Le Secrétaire général de l'ONU a mis en évidence la nécessité de renforcer le lien entre la sécurité nucléaire et la sûreté nucléaire.

« Je me réjouis de la réaffirmation par ce Sommet de nos objectifs communs de désarmement nucléaire, de non-prolifération et d'utilisation pacifique de l'énergie nucléaire, et j'appelle à la mise en œuvre intégrale des engagements pris », a-t-il dit.

Il a également souligné la nécessité de faire entrer en vigueur le Traité d'interdiction complète des essais nucléaires, en précisant que « la meilleure façon d'éliminer la menace nucléaire partout est d'éliminer partout les armes nucléaires. »

S'adressant aux délégués à un déjeuner de travail, le Secrétaire général a rappelé ses visites l'an dernier sur le site de l'accident de la centrale nucléaire de Fukushima, au Japon, et sur celui de Tchernobyl, en Ukraine. « Ces tragédies ont envoyé un message clair et urgent : un accident nucléaire peut avoir des conséquences similaires à une attaque nucléaire, » a déclaré M. Ban.

Il a défini cinq domaines d'action collective : des mesures audacieuses pour combler le manque de confiance ; la réduction des risques de catastrophe et le renforcement de la résilience ; le renforcement du rôle de l'ONU ; un partenariat renforcé avec l'industrie nucléaire et la société civile ; et des progrès sur le désarmement nucléaire et la non-prolifération.

Dans ses remarques à la session plénière du Sommet, le chef de l'ONU a également exprimé sa préoccupation devant le non respect par la République démocratique populaire de Corée (RPDC) et par l'Iran des résolutions pertinentes du Conseil de sécurité concernant leurs programmes nucléaires.

« Je demande instamment à la RPDC et à l'Iran de faire tout leur possible pour répondre aux préoccupations de la communauté internationale d'une manière pacifique et de s'abstenir de tout acte de déstabilisation », a déclaré M. Ban.

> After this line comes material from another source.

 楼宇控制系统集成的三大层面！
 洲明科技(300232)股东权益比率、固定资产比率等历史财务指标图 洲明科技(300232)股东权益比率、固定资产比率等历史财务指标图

Il a réitéré que l'annonce par la RPDC de lancer un « satellite d'application » le mois prochain allait à l'encontre de la résolution 1874 du Conseil de sécurité, qui interdit « tout lancement utilisant une technologie de missiles balistiques ». Il a exhorté Pyongyang à reconsidérer sa décision.

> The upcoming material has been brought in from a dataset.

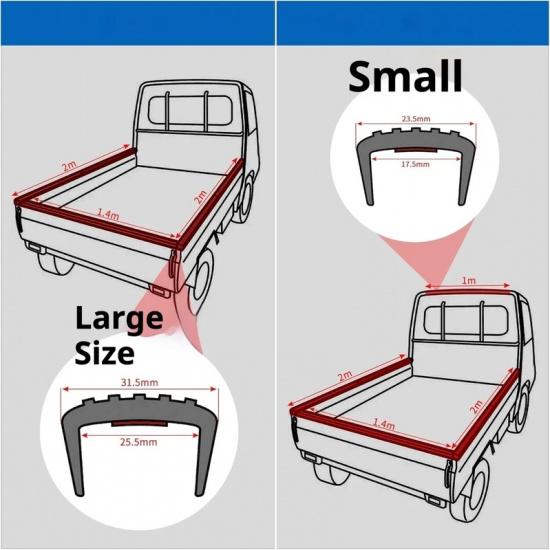 4 Meters Light Truck Edge Trim Mounted Material Protection Plate Rubber Edge Strip Seal U Type Edge Trim Protector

En marge du Sommet, le Secrétaire général a également discuté de la question de la sécurité et de la sûreté nucléaire lors d'une rencontre avec le Président ukrainien, Viktor Ianoukovitch.

Il a également rencontré séparément le Premier ministre espagnol, Mariano Rajoy, et le Vice Président du Brésil, Michael Temer, avec qui il a discuté, entre autres, de la Conférence des Nations Unies pour le développement durable, prévu à Rio de Janeiro en juin.